Trying to run spark job with masterURL=yarn-client
. Using SparkLauncher 2.10. The java code is wrapped in nifi processor. Nifi is currently running as root. When I do yarn application -list, I see the spark job started with USER = root
. I want to run it with USER = hive
.
Following is my SparkLauncher code.
Process spark = new SparkLauncher()
.setSparkHome(cp.fetchProperty(GlobalConstant.spark_submit_work_dir).toString())
.setAppResource(cp.fetchProperty(GlobalConstant.spark_app_resource))
.setMainClass(cp.fetchProperty(GlobalConstant.spark_main_class))
.addAppArgs(ps.getName())
// .setConf(SparkLauncher.DRIVER_EXTRA_JAVA_OPTIONS,"-Duser.name=hive")

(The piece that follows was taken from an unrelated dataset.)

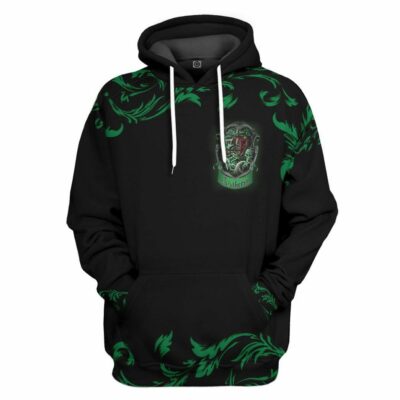   3D H.P Brave Like A Slytherin Custom Hoodie Tshirt Apparel_2312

.setConf(SparkLauncher.DRIVER_EXTRA_JAVA_OPTIONS, "-Dlog4j.configuration=file:///opt/eim/log4j_submitgnrfromhdfs.properties")
.setVerbose(true)
.launch();
Do I need to pass user as driver extra options? Environment is non-kerberos. Read somewhere that I need to pass user name as driver extra java option. Cannot find that post now!!
export HADOOP_USER_NAME=hive worked. SparkLauncher has overload to accept Map of environment variables. As for spark.yarn.principle, the environment is non-kerberos. As per my reading yarn.principle works only with kerboros. Did the following
Process spark = new SparkLauncher(getEnvironmentVar(ps.getRunAs()))
.setSparkHome(cp.fetchProperty(GlobalConstant.spark_submit_work_dir).toString())
.setAppResource(cp.fetchProperty(GlobalConstant.spark_app_resource))
.setMainClass(cp.fetchProperty(GlobalConstant.spark_main_class))
.addAppArgs(ps.getName())
// .setConf(SparkLauncher.DRIVER_EXTRA_JAVA_OPTIONS,"-Duser.name=hive")
.setConf(SparkLauncher.DRIVER_EXTRA_JAVA_OPTIONS, "-Dlog4j.configuration=file:///opt/eim/log4j_submitgnrfromhdfs.properties")
.setVerbose(true)
.launch();
Instead of new SparkLancher()
used SparkLauncher(java.util.Map<String,String> env).
Added or replacedHADOOP_USER_NAME=hive.
Checked yarn application -list
launches as intended withUSER=hive.